Qui sont les Druzes?
          Les Druzes sont près d’un million, répartis pour la moitié en Syrie, 30% au Liban, le reste en Israël et
très peu en Jordanie. Il existe aussi une  importante communauté druze aux USA. A la différence des autres sectes du chiisme, les druzes ne sont pas prosélytes. Ils croient dans la Bible et le Coran s’attachant à leur sens ésotérique mais jugent le Coran supérieur à la Bible. Parmi les réformes, figurent l’abolition de l’esclavage (qui sévit dans certains pays musulmans), la suppression de la polygamie et la séparation du religieux.
         Les écritures druzes comprennent près de 30 manuscrits, rédigés, entre 1017 et 1043, le plus important étant les «Epîtres de la Sagesse », basé la croyance en la métempsycose. La majeure partie des druzes est composée de profanes qui peuvent, s’ils le souhaitent, entrer dans les rangs des initiés.

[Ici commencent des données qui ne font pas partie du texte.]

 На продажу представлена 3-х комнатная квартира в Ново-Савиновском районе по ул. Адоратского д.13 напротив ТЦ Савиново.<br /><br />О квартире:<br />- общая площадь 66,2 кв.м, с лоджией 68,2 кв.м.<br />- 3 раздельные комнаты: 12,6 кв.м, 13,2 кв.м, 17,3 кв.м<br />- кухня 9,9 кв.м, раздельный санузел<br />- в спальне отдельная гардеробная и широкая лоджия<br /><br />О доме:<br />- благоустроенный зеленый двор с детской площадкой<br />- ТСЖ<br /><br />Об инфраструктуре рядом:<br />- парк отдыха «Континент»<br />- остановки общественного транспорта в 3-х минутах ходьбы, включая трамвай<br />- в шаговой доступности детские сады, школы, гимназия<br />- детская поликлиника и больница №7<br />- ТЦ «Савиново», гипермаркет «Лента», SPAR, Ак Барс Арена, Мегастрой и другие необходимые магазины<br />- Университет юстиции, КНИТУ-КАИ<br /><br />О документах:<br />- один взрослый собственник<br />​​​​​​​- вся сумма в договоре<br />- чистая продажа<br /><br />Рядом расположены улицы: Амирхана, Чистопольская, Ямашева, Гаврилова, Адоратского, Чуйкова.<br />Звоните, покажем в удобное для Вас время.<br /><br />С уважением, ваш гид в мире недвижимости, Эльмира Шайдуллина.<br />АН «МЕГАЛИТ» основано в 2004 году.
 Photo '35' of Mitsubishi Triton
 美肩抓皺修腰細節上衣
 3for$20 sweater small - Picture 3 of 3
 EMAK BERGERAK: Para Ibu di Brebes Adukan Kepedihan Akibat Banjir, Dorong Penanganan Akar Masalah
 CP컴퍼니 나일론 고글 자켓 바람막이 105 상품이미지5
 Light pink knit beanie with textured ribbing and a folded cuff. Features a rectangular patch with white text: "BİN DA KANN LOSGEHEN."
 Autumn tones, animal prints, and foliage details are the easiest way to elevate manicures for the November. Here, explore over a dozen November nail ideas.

Leur acceptation dépendra en principe de leur intégrité morale.
Religion ésotérique et société civile druzes
          La société druze est dualiste : les affaires religieuses sont l’affaire des initiés et les affaires profanes, notamment militaires, celles des non initiés, et les sujets importants font l’objet de débats entre deux camps ou familles opposés, ce qui assure une parfaite dialectique.
         Seuls, au demeurant, les initiés – uqqal –, reconnaissables à leur turban blanc, peuvent comprendre le mystère et pratiquer convenablement la vraie religion : c'est de leur rang que sortent les parfaits – adjawib –, les seules autorités. Le principe de la taqiya les incite à se comporter comme des musulmans sunnites quand ils sont en milieu musulman, comme des chrétiens, dans un cercle chrétien. Ce repli sur soi s'accompagne donc d'une incontestable disposition à l'ouverture sur les autres, d'un refus du fanatisme. Il n'y a ni liturgie, ni lieux de culte dans le mouvement Druze.
         Comme tous les chiites, ils croient à un imam caché, un guide vivant spirituellement ou physiquement qui les conduit. Ils attendent son retour et demeurent donc dans une espérance messianique. Cet imam est Al-Hakim, le calife fatimide ; un jour, il reviendra pour effectuer la discrimination entre les croyants et les hypocrites.
Les Druzes dispersés
         Au XIXe siècle, ils furent tributaires de l'empire ottoman, mais de fait presque indépendants. Retirés dans les montagnes du Liban, ils se rendirent redoutables, résistèrent longtemps aux attaques des Turcs. Les Druzes ne furent soumis au tribut qu'en 1588 par Murad III. La Sublime Porte accorda en 1842 un chef à leur nation. Atrach, leur chef de l’époque, conscient de leur faible nombre pour former un Etat, moins de 200 000 dispersés à l’époque, se contenta de réclamer une autonomie administrative.
Les Druzes et Israël 
         A la proclamation d’Israël, en mai 1948, les Juifs étaient, comme les Druzes, une minorité régionale rejetée par le monde musulman. Forts de ce constat et d’autres liens, les Druzes établis en Israël décidèrent dès 1948 de s’allier à l’Etat juif.       
         Alors que les druzes israéliens sont réputés être solidaires d’Israël et faire d’excellents  citoyens israéliens, y compris des hauts gradés dans Tsahal, ceux du Golan, du fait sans doute de la proximité de la frontière syrienne, ont eu une position plus réservée et parfois prosyrienne, avec des alternances spectaculaires où s’est souvent introduit l’espionnage au profit de l’un ou l’autre camp entre les années 60 et jusqu’à la Guerre du Kippour.
          Entre 1947 et 1950 en particulier, alors que le Mufti de Jérusalem, encadré par des officiers nazis en fuite s’était installé avec son armée à Damas et qu’il préparait l’anéantissement du réduit national juif, Israël eut largement recours aux Druzes du Golan pour lui fournir des renseignements indispensables afin de préparer sa défense.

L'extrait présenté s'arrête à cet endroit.